Considerada por muitos uma "Lula de saias", a candidata do PSB aspira a ser a primeira mulher negra a reger os destinos do Brasil e diz ser possível aliar crescimento econômico e justiça social. O comentário é de Juan Arias em artigo publicado por El País, 24-08-2014.

Eis o artigo.

Marina Silva, de 56 anos, premiada internacionalmente por seu empenho na luta a favor da ecologia, aspira a ser a primeira mulher negra a reger os destinos do Brasil. Conhecida como intransigente com os modos da “velha política”, acredita que é possível conjugar crescimento econômico com uma forte dose de justiça social. Afirmou: “Não nego meu desejo de tentar conjugar o pragmatismo com os sonhos”. Seu nome, Marina, é um apelido como também é o de Lula. É chamada de “Lula de saias”. Militaram juntos durante 30 anos, no Partido dos Trabalhadores (PT), ambos forjaram-se política e socialmente nos movimentos sindicais de esquerda.

Marina, cujo nome é Maria Osmarina Silva de Lima, possui, como o ex-sindicalista Lula, um forte carisma popular ainda que mais tingido de misticismo e intransigência.

As origens de Marina, nascida na comunidade de Breu Velho, em Rio Branco, no Estado do Acre, no norte do país, porta de entrada da Amazônia, são talvez mais humildes que as de Lula. Sua família com 11 filhos dos quais sobreviveram somente oito, passava fome extraindo borracha entre os chamados “seringueiros” e vivia em uma casa de palafita. Marina não pôde ir à escola pois tinha de trabalhar com seu pai. Seu primeiro trabalho foi de empregada doméstica.

Já com 16 anos entrou no programa Movimento Brasileiro de Alfabetização (Mobral) em Rio Branco, capital do Acre. Quis se tornar religiosa em um convento da cidade, mas escutando uma conferência sobre a Teologia da Libertação, decidiu entrar na política. Afiliou-se ao Partido Comunista Revolucionário que estava ligado então ao Partido dos Trabalhadores (PT) de Lula, no qual entrou no ano seguinte e do qual esteve afiliada durante quase 30 anos.

Ao contrário de Lula, que não concluiu um curso superior, Marina, auxiliada economicamente por um amigo deputado, cursou a Universidade e se licenciou em História. Junto com o mítico sindicalista Chico Mendes, assassinado por sua defesa da Amazônia e dos trabalhadores do campo contra os coronéis, fundou no Acre a Central Única dos Trabalhadores (CUT).

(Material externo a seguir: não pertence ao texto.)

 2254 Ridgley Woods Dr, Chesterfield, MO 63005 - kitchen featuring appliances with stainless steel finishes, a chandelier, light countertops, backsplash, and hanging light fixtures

Sempre inquieta e nunca satisfeita em suas lutas, se viu tentada pela política partidária. Foi vereadora, deputada e aos 36 anos foi a senadora mais jovem e mais votada da democracia do Brasil. Quando Lula chegou à Presidência da República, a escolheu para Ministra do Meio Ambiente. Marina se queixava de ser boicotada no governo nos seus projetos a favor da defesa da Amazônia, que durante seu governo conseguiu que fosse destruída 60% a menos do que era antes. Em 2008, abandonou o governo, e na sequência, o PT, e se afiliou ao pequeno Partido Verde (PV) para poder disputar as eleições presidenciais. Com pouquíssimo apoio conseguiu quase 20 milhões de votos, obrigando Dilma Rousseff a disputar o segundo turno.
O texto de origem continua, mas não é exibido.